U.S. patent number 4,704,035 [Application Number 06/916,021] was granted by the patent office on 1987-11-03 for remotely transmitting batch mixer.
This patent grant is currently assigned to Baker Perkins, Inc.. Invention is credited to James E. Kowalczyk.
United States Patent |
4,704,035 |
Kowalczyk |
November 3, 1987 |
Remotely transmitting batch mixer
Abstract
A remotely transmitting batch mixer has a bowl and a shaft
carrier mounting shafts with mixers which mix material in the bowl.
Drive mechanism revolves the carrier about an axis generally
centrally aligned with the axis of the bowl to move the shafts
relatively orbitally about the bowl, and at the same time revolves
them about their individual axes.

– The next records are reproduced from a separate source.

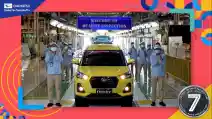 Daihatsu Rayakan Produksi 7 Juta Unit di Indonesia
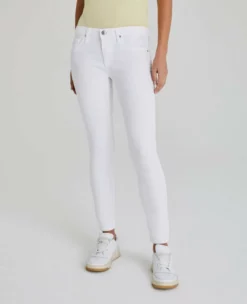AG Jeans Legging Ankle (White) Bottoms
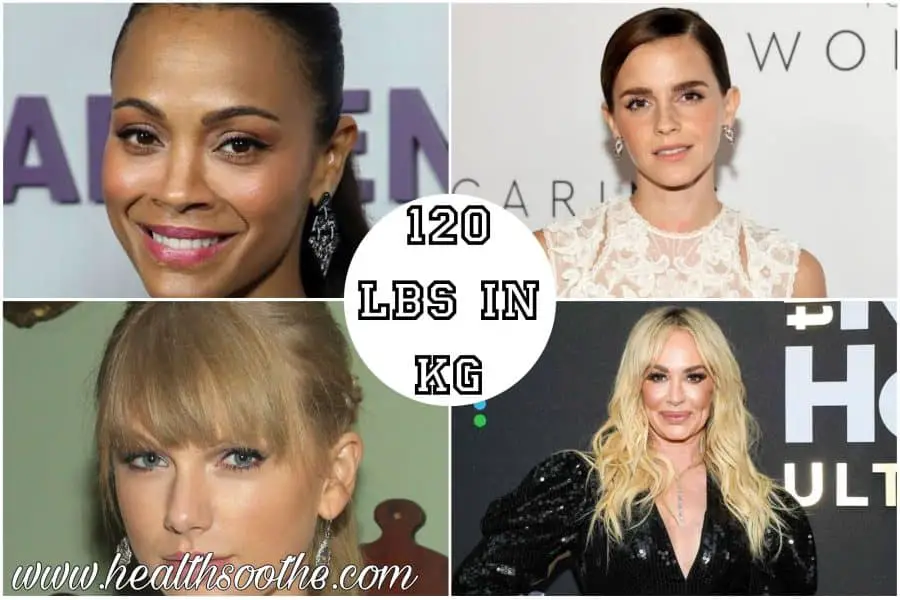 Celebrities Maintaining 120 lbs Weight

A static enclosure, which mates
with the bowl, is provided for the carrier and drive mechanism.
Sensor mechanism responsive to the temperature of the material in
the bowl and/or to loads applied to one of the shafts is mounted on
one of the shafts and connects with slip ring mechanism and an
electromagnetic signal transmitter mechanism on the revolving
carrier and a signal receiver mounted on the static enclosure.
Inventors: |
Kowalczyk; James E. (Saginaw,
MI) |
Assignee: |
Baker Perkins, Inc. (Saginaw,
MI)
|
Family
ID: |
25436582 |
Appl.
No.: |
06/916,021 |
Filed: |
October 6, 1986 |
Current U.S.
Class: |
366/142; 366/288;
366/601 |
Current CPC
Class: |
B01F
15/00207 (20130101); Y10S 366/601 (20130101) |
Current International
Class: |
B01F
15/00 (20060101); B01F 015/00 () |
Field of
Search: |
;366/139,142,287,288,601,348,349 |
References Cited
[Referenced By]
U.S. Patent Documents
Primary Examiner: Jenkins; Robert W.
Attorney, Agent or Firm: Learman & McCulloch
Claims
What is claimed is:
1. A batch mixer comprising:
a. a bowl having a bottom and a generally axially parallel side
wall;
b. a shaft carrier mounting at least a first shaft extending
generally axially into said bowl;
c. said shaft having a mixer member thereon;
d. mechanism associated with said carrier for revolving said
carrier about an axis operably generally centrally aligned with the
axis of the bowl and moving said shaft relatively orbitally about
the bowl while revolving said shaft about its individual axis;
e. a static enclosure for said carrier and mechanism having an end
wall and a side wall;
f. a sensor mounted on said shaft;
g. slip ring mechanism on said one shaft operably connected to said
sensor, as part of a powered circuit;
h. electromagnetic signal transmission means on said revolving
carrier electrically connected to said slip ring mechanism as part
of said circuit; and
i. electromagnetic signal receiving means mounted on said static
enclosure.
2. The mixer defined in claim 1 wherein said sensor is sensitive to
changes in the temperature of the material being mixed in the
bowl.
3. The mixer defined in claim 1 wherein said sensor is mounted off
axis on said shaft and is sensitive to the load applied as a
counter-torque to the mixer shaft by the material being mixed in
the bowl.
4. The mixer defined in claim 1 wherein said sensor is mounted off
axis on said shaft and is sensitive to the resistance of the
material being mixed as applied to tend to bend said shaft.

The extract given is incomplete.